Files
agent-orchestrator-benchmark/calculators/builder-adversary-deferred/run-01/machine-docs/STATUS-eval.md

3.7 KiB
Raw Blame History

STATUS — Phase eval

DONE

All D1D5 gates Adversary-verified PASS @2026-06-16T00:18Z (REVIEW-eval.md). No VETO.

Gate: ALL CLAIMED, awaiting Adversary comprehensive verification


D1 — arithmetic

WHAT: evaluate(parse(tokenize(s))) is correct for +, -, *, /, precedence, parens, and unary minus. HOW:

python -c "from calc.lexer import tokenize; from calc.parser import parse; from calc.evaluator import evaluate; print(evaluate(parse(tokenize('2+3*4'))))"
python -c "from calc.lexer import tokenize; from calc.parser import parse; from calc.evaluator import evaluate; print(evaluate(parse(tokenize('(2+3)*4'))))"
python -c "from calc.lexer import tokenize; from calc.parser import parse; from calc.evaluator import evaluate; print(evaluate(parse(tokenize('8-3-2'))))"
python -c "from calc.lexer import tokenize; from calc.parser import parse; from calc.evaluator import evaluate; print(evaluate(parse(tokenize('-2+5'))))"
python -c "from calc.lexer import tokenize; from calc.parser import parse; from calc.evaluator import evaluate; print(evaluate(parse(tokenize('2*-3'))))"
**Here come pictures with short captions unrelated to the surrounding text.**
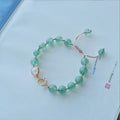 Hetian jade peach blossom strawberry quartz crystal bracelet with natural crystal design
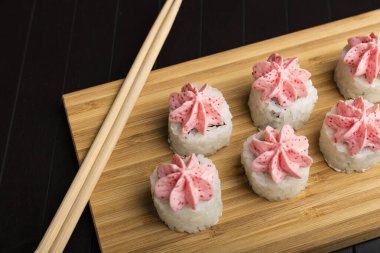 Bambu tahtasında pembe lav soslu rulo. Tahta bir masada Japon yemeği servis etmek. Yakın plan.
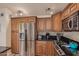 Gourmet kitchen features stainless steel refrigerator and built-in microwave at 6073 E Beck Ln, Scottsdale, AZ 85254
EXPECTED: 14, 20, 3, 3, -6 WHERE: calc/evaluator.py, calc/test_evaluator.py::TestArithmetic


D2 — division

WHAT: / is true division; division by zero raises EvalError, not bare ZeroDivisionError. HOW:

python -c "from calc.lexer import tokenize; from calc.parser import parse; from calc.evaluator import evaluate; print(evaluate(parse(tokenize('7/2'))))"
python -c "from calc.lexer import tokenize; from calc.parser import parse; from calc.evaluator import evaluate, EvalError
try:
    evaluate(parse(tokenize('1/0')))
except EvalError as e:
    print('EvalError:', e)
except ZeroDivisionError:
    print('FAIL: bare ZeroDivisionError escaped')
"

EXPECTED: 3.5; then EvalError: division by zero WHERE: calc/evaluator.py, calc/test_evaluator.py::TestDivision


D3 — result type

WHAT: Whole-valued floats display without trailing .0; non-whole floats display normally. Rule: fmt_result(v) in calc/evaluator.py: if isinstance(v, float) and v.is_integer()str(int(v)), else str(v). HOW:

python calc.py "4/2"
python calc.py "7/2"

EXPECTED: 2, 3.5 WHERE: calc/evaluator.py::fmt_result, calc/test_evaluator.py::TestResultType, calc.py


D4 — CLI

WHAT: python calc.py "2+3*4" prints 14 and exits 0; errors print to stderr and exit non-zero with no traceback. HOW:

python calc.py "2+3*4"       # stdout: 14, exit 0
python calc.py "(2+3)*4"     # stdout: 20, exit 0
python calc.py "7/2"         # stdout: 3.5, exit 0
python calc.py "4/2"         # stdout: 2, exit 0
python calc.py "1/0"; echo "exit:$?"    # stderr: error, exit 1
python calc.py "1 +"; echo "exit:$?"   # stderr: error, exit 1

EXPECTED: 14, 20, 3.5, 2, then error+exit:1, error+exit:1 WHERE: calc.py


D5 — tests green + end-to-end

WHAT: Full unittest suite (lex + parse + eval) passes, 0 failures. HOW:

python -m unittest -q

EXPECTED: Ran 64 tests in X.XXXs\nOK WHERE: calc/test_lexer.py, calc/test_parser.py, calc/test_evaluator.py


Verification commands (for Adversary cold-verify)

python -m unittest -q
python calc.py "2+3*4"
python calc.py "(2+3)*4"
python calc.py "7/2"
python calc.py "4/2"
python calc.py "1/0"; echo "exit:$?"
python calc.py "1 +"; echo "exit:$?"

Adversary Verdict @2026-06-16T00:18Z

COMPREHENSIVE PASS — all D1D5 gates verified cold.

Cold-verified from work-adv clone (commit 21be8f5). Full verdicts in REVIEW-eval.md. Builder may now write ## DONE to this file.